→ **WHAT TO DO**: Output every line of the material exactly, omitting images.

→ **DATA PROVIDED**:
---
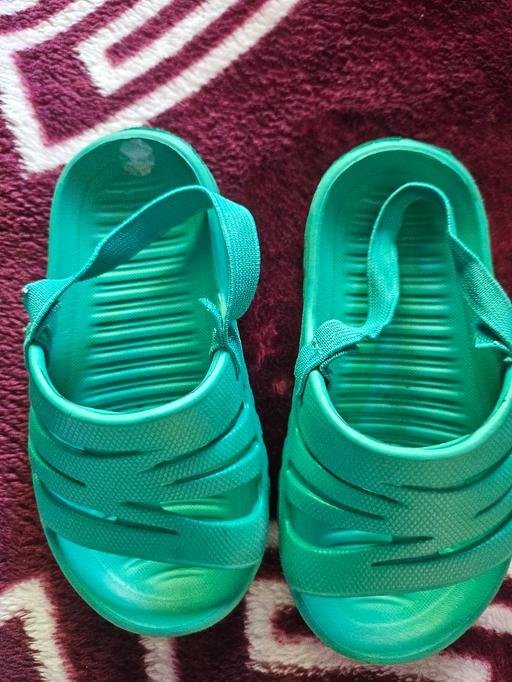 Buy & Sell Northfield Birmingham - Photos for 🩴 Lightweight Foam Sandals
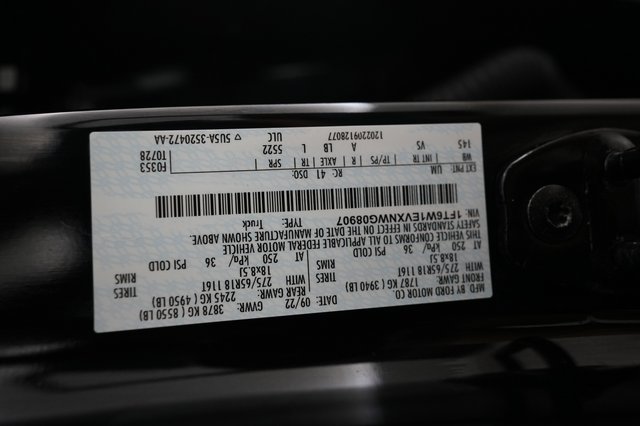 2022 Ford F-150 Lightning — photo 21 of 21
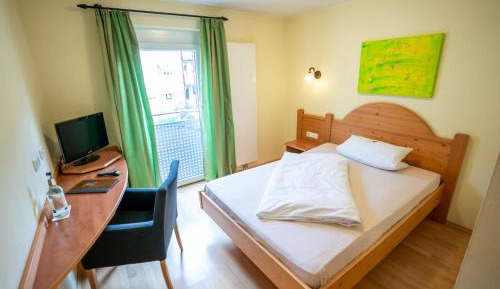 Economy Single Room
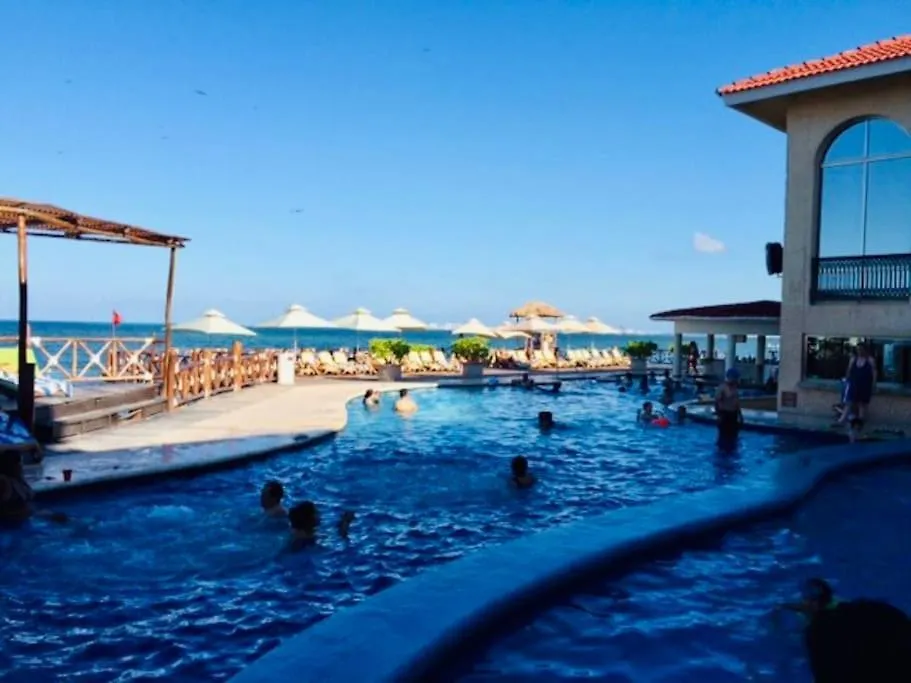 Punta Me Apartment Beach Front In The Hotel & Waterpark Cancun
---
→ **ANSWER BOX**:
 Buy & Sell Northfield Birmingham - Photos for 🩴 Lightweight Foam Sandals
 2022 Ford F-150 Lightning — photo 21 of 21
 Economy Single Room
 Punta Me Apartment Beach Front In The Hotel & Waterpark Cancun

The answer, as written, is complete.